Judge Thomas Buergenthal LL.M. ’61 S.J.D. ’68 and Jerome Shestack ’49 are co-recipients of the Gruber Foundation’s International Justice Prize for 2008. The prize is presented to individuals or organizations for advancing the cause of justice in the legal system and carries a $500K award, which the two recipients will share.
The American judge on the International Court of Justice, Buergenthal was cited for his lengthy career spent championing human rights. While a judge and president of the Inter-American Court of Human Rights, he helped put an end to the practice of disappearances in Honduras and helped to secure the government of Guatemala’s compliance with a Court order ending executions of human rights activists by special tribunals.

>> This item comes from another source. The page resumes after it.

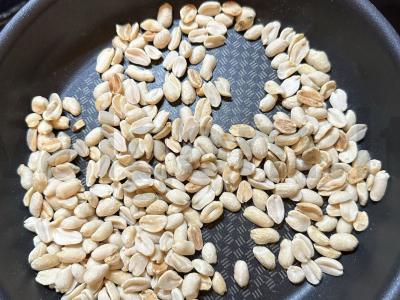 Kukurūzų pyragėliai Žingsnis 1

Buergenthal has also held posts on the Inter-American Development Bank, the UN Truth Commissions for El Salvador, and the UN Human Rights Committee.
Prior to his appointment to the ICJ in 2000, Buergenthal was the Lobingier Professor of International and Comparative Law and Jurisprudence at the George Washington University Law School. He is the author of more than a dozen books and a large number of articles on international law, human rights, and comparative law, including co-authoring the first human rights law textbook in the U.S.
A former president of the American Bar Association, Shestack helped end the practice of disappearances in Argentina, Chile, and Brazil as U.S. ambassador to the UN Commission on Human Rights. He chaired the International League for Human Rights and founded and chaired the Lawyers Committee for International Human Rights. Currently at Wolf Block in Philadelphia, Shestack is often called the “Pied Piper of Human Rights” for the time he has spent serving as a mentor to young lawyers.
Shestack has also championed human rights and equality in the U.S. While still a student at HLS, Shestack launched a movement to have women admitted to the school. As a faculty member at LSU in the early 1950s, he led a successful campaign to desegregate the school. And, as first deputy city solicitor of Phildelphia, he helped to end segregation in swimming pools, bowling alleys, and other public places. He is the author of more than 100 scholarly articles published in law journals and other publications.